Before dressing it, the osteo poured a few drops of each of the bottles into very small plastic bags and carefully closed them again. She explained to me that the sudden influx of toxins in utero at the time of the outbreak had fouled the liver of my baby, the only organ able to treat their elimination but still too little mature at this stage to perform this drainage properly. She hung the small bags at a button of the body and told me to leave them well, night and day, for 9 full days: the contact with the molecule, the body will resume the process of elimination started during the childbirth and thus cleanse the liver of all leftover product. Incidentally, his infant acne should disappear, since it is systematically due to the liver and the bad elimination of certain toxins at the beginning of the life. I will have learned some things today ...
That was our first osteo session.
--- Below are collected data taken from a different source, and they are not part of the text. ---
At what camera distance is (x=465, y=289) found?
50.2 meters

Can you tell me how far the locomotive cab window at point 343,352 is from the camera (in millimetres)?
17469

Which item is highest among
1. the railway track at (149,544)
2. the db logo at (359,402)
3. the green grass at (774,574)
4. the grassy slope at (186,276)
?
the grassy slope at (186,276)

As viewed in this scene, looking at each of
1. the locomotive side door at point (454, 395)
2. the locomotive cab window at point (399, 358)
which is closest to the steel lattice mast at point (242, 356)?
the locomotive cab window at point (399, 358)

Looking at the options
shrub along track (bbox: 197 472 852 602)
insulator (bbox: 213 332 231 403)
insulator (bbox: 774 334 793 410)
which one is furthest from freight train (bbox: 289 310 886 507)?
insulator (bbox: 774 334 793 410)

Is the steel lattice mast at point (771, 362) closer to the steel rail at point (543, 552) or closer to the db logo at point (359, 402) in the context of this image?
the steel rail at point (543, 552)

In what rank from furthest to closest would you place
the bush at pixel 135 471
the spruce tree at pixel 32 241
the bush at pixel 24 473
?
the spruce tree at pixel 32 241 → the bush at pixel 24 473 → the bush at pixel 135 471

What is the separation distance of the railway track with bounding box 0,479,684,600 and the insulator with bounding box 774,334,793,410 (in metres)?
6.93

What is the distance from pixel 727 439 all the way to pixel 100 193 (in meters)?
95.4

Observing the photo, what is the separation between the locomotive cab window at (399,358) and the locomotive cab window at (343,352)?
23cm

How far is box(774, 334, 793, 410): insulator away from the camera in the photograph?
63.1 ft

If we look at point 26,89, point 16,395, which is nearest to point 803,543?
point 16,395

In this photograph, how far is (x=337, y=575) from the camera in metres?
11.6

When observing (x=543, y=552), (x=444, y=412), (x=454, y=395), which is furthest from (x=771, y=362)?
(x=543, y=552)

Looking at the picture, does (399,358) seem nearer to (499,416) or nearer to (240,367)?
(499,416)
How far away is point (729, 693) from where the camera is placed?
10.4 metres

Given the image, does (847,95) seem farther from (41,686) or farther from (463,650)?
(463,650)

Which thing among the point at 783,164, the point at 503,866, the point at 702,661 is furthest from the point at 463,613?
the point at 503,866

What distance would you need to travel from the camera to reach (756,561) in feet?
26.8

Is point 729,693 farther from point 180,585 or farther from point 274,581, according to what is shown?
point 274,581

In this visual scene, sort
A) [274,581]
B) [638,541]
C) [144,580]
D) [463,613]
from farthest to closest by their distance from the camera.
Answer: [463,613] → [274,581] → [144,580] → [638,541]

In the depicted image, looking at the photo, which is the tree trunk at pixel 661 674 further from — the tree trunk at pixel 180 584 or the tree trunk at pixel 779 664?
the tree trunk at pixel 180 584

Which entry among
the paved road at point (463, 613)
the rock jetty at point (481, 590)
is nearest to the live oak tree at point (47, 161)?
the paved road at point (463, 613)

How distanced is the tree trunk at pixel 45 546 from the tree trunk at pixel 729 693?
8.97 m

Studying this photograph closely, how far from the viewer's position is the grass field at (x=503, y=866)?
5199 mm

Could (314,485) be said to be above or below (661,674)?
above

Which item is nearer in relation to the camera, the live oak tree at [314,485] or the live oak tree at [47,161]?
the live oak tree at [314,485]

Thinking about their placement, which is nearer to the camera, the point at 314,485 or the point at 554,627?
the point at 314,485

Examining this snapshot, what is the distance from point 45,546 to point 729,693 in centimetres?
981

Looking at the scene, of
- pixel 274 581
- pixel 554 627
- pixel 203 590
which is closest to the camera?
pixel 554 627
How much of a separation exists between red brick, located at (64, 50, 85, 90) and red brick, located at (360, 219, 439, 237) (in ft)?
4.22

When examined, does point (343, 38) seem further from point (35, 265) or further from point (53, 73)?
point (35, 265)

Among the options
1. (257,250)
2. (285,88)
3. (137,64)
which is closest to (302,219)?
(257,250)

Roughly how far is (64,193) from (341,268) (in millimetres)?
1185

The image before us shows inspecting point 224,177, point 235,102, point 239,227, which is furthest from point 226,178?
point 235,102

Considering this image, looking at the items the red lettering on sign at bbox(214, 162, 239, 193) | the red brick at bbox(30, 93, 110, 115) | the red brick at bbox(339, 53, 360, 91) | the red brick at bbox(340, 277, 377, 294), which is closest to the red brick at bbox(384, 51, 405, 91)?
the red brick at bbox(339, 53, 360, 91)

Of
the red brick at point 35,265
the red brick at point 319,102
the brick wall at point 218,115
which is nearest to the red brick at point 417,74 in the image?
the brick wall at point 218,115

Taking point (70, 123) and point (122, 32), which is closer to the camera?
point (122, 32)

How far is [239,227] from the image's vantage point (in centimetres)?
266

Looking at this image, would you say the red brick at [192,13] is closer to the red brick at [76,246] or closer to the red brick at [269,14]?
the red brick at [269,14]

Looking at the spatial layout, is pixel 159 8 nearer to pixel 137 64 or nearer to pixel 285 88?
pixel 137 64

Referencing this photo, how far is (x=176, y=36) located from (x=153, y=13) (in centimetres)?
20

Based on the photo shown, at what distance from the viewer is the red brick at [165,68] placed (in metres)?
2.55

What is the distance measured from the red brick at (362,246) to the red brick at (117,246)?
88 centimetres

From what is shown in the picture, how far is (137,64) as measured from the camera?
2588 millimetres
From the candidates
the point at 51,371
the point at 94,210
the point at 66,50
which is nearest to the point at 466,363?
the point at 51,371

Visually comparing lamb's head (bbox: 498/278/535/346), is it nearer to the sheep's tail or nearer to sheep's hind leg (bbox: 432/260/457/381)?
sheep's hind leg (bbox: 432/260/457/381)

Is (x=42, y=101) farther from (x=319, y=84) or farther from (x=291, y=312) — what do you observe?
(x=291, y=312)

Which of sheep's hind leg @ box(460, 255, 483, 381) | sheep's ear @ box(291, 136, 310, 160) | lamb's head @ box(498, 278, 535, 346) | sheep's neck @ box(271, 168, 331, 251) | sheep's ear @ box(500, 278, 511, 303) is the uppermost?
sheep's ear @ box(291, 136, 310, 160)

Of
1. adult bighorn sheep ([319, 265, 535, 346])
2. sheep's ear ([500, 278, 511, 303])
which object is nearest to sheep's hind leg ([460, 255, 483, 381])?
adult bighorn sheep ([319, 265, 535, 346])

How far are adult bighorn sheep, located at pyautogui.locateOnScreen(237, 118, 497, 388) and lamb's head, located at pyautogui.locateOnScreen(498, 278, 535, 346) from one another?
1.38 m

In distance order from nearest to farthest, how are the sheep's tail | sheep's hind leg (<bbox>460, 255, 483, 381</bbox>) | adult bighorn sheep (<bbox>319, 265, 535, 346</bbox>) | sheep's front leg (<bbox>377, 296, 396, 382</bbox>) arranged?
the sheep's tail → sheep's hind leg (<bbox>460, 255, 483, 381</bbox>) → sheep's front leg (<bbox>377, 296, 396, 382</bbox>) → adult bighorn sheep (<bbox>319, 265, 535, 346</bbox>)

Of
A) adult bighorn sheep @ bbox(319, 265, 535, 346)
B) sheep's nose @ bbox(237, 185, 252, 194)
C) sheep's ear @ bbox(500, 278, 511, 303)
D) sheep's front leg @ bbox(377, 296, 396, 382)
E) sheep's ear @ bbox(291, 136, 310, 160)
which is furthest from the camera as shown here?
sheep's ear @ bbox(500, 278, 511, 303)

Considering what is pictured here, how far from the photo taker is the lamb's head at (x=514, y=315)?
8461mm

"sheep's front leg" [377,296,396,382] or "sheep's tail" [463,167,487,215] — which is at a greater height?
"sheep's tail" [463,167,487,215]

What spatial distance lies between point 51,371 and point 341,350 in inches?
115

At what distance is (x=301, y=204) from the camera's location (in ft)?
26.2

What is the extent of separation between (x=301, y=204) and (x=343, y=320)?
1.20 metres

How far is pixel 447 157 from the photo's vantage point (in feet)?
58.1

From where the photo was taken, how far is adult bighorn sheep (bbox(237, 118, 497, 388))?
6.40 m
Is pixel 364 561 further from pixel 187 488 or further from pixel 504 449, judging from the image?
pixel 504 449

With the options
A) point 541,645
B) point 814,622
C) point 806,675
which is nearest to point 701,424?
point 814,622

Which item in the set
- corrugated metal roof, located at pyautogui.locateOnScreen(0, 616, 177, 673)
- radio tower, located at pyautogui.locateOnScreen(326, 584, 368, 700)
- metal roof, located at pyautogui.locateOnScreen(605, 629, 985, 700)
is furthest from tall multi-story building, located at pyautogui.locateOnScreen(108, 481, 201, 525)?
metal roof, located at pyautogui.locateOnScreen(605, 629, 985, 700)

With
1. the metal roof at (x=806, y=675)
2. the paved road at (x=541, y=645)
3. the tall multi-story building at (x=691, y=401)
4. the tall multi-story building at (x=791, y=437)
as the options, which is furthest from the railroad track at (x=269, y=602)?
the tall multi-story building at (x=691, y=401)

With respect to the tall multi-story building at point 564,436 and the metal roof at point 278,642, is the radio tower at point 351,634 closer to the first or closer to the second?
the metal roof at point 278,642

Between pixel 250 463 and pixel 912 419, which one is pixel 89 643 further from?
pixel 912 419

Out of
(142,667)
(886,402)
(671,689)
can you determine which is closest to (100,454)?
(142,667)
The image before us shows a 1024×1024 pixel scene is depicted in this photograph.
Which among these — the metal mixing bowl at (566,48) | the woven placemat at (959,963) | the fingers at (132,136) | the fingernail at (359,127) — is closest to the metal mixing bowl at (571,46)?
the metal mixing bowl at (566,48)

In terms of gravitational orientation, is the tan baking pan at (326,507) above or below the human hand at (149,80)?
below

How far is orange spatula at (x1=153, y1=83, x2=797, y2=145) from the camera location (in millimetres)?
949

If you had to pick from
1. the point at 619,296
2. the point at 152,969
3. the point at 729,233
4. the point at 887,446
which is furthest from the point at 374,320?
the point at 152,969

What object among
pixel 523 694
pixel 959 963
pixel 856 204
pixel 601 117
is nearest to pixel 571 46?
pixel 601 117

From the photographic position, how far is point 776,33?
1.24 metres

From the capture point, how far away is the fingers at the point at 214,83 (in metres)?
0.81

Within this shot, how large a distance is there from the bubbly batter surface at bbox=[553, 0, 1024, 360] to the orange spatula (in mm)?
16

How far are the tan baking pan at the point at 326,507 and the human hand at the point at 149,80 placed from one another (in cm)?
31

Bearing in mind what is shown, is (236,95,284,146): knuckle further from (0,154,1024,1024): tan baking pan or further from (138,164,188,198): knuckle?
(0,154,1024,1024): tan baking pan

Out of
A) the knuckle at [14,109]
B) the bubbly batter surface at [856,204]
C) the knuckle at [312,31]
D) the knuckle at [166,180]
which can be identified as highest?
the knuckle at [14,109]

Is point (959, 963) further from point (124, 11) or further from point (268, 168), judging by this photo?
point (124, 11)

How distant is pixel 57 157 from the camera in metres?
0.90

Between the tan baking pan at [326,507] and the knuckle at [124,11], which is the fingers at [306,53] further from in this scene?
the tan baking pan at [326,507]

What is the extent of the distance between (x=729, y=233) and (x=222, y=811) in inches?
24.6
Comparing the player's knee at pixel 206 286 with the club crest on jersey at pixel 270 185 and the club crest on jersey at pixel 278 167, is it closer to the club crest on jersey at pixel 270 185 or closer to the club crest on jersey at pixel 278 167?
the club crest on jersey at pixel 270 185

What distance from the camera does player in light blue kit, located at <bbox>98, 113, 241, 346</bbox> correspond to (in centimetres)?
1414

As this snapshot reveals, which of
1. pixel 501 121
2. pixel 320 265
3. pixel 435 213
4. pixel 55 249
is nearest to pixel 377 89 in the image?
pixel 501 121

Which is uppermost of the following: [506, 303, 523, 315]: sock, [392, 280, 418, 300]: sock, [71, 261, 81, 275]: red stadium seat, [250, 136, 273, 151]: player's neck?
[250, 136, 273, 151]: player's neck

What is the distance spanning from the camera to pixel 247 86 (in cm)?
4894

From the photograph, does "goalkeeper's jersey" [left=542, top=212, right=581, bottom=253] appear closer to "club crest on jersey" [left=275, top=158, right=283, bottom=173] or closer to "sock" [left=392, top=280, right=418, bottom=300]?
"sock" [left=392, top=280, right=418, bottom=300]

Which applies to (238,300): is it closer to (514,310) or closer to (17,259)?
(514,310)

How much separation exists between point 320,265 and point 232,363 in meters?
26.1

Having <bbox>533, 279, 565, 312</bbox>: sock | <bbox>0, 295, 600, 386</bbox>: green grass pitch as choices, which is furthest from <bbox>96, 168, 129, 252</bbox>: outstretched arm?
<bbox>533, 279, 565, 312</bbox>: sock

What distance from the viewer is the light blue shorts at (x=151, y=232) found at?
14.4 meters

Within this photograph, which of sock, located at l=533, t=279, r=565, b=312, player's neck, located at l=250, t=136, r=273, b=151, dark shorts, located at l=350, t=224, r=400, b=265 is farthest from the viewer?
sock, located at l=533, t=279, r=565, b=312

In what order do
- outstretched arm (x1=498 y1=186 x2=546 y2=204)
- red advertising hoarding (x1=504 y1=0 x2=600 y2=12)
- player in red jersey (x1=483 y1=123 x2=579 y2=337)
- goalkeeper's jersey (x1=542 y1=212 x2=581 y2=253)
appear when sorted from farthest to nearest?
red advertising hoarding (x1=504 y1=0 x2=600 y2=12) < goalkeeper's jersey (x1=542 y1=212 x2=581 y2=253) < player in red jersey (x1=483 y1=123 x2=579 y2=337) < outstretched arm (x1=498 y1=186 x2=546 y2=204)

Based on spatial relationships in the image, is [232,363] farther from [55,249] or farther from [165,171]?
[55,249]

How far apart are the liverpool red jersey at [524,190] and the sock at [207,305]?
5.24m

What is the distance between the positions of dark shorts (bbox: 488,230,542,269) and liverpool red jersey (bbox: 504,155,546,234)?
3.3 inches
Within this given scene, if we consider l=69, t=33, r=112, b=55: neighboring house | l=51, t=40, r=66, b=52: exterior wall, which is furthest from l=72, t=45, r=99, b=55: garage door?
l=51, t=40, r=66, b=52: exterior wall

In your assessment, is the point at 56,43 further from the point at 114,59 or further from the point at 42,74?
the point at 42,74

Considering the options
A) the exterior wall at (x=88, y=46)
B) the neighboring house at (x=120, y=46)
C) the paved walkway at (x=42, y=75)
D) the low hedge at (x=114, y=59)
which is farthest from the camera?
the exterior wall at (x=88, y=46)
A machine to go back in time ... and I understand better now everything that has happened since birth. This constant need of my daughter to be against me, this immediate appeasement induced by the portage, her sleep much better when one is in cododo. It has been torn from its case and these situations are all ways for her to find him. My need, for me, to fill this 9th month so brutally interrupted by wrapping my baby with my arms, sleeping with her, keeping her close to me. At the time of writing, she is sleeping. She could just as well be in her bed, or in bed, why not. But no. I keep it there, all against me, in the sling. Within reach of hug. And within reach of my tears that I have struggled to contain since this morning. That day, she had pain, she was afraid ... what happened is not my fault, but I always ask forgiveness for these first difficult moments.
And I tell her that everything is fine now, that she must not worry.
I tell him that Mom is here.
Lou, my baby so wise, 6 weeks to this day.